WHAT THE EXERCISE ASKS - Your answer should hold exactly the lines from the one with "HISTONE DEACETYLASE INHIBITORS" through the final line of the data below, reproduced as written.

SUPPLIED DATA -
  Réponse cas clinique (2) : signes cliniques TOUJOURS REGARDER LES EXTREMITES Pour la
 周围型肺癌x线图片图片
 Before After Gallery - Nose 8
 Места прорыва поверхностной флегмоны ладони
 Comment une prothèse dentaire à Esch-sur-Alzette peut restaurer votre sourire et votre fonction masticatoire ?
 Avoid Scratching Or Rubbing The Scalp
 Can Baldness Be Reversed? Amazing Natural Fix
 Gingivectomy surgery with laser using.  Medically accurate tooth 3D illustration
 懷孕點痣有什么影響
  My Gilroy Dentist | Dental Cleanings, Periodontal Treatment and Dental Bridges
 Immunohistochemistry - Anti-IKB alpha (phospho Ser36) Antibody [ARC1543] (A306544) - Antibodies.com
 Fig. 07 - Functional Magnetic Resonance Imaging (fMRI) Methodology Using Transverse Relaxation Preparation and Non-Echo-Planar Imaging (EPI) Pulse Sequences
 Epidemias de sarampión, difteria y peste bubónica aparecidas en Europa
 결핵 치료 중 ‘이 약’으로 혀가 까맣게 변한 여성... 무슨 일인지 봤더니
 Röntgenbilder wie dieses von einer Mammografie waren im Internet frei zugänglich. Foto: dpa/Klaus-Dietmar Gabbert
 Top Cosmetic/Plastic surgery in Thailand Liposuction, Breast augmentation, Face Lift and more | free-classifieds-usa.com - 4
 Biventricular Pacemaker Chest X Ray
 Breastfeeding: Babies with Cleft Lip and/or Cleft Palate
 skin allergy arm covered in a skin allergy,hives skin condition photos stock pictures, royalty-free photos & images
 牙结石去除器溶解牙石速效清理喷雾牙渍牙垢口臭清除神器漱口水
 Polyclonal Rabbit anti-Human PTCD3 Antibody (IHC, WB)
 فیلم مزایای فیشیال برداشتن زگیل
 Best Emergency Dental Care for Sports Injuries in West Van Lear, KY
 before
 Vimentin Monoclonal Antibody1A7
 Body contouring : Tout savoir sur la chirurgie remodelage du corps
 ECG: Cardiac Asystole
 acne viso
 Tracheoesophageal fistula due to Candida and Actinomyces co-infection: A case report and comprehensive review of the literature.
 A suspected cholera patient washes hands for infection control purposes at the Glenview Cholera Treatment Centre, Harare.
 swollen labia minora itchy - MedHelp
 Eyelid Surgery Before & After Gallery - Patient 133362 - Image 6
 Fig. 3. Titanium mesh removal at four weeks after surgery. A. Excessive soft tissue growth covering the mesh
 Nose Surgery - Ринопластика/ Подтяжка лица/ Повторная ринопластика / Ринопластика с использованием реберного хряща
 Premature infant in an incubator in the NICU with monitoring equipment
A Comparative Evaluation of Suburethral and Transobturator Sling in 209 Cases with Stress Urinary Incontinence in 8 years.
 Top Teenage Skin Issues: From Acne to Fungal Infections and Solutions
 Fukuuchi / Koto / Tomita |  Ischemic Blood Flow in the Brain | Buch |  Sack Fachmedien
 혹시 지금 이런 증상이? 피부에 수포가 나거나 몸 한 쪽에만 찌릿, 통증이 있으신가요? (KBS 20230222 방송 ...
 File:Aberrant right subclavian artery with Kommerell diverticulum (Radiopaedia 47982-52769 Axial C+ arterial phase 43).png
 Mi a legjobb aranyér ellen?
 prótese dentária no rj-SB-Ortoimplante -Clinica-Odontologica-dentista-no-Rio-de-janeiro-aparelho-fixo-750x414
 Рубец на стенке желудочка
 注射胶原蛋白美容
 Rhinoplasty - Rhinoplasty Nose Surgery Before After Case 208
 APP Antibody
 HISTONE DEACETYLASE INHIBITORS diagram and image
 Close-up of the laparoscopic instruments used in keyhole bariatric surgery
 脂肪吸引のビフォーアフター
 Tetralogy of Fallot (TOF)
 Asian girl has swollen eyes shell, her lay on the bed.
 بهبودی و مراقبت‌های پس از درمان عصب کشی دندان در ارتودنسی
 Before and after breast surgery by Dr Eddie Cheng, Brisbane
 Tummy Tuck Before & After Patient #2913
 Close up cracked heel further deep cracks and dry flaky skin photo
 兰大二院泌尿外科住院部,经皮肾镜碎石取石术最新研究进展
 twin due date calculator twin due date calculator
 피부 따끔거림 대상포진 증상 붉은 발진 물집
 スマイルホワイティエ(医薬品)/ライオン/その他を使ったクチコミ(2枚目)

WRITTEN ANSWER -
 HISTONE DEACETYLASE INHIBITORS diagram and image
 Close-up of the laparoscopic instruments used in keyhole bariatric surgery
 脂肪吸引のビフォーアフター
 Tetralogy of Fallot (TOF)
 Asian girl has swollen eyes shell, her lay on the bed.
 بهبودی و مراقبت‌های پس از درمان عصب کشی دندان در ارتودنسی
 Before and after breast surgery by Dr Eddie Cheng, Brisbane
 Tummy Tuck Before & After Patient #2913
 Close up cracked heel further deep cracks and dry flaky skin photo
 兰大二院泌尿外科住院部,经皮肾镜碎石取石术最新研究进展
 twin due date calculator twin due date calculator
 피부 따끔거림 대상포진 증상 붉은 발진 물집
 スマイルホワイティエ(医薬品)/ライオン/その他を使ったクチコミ(2枚目)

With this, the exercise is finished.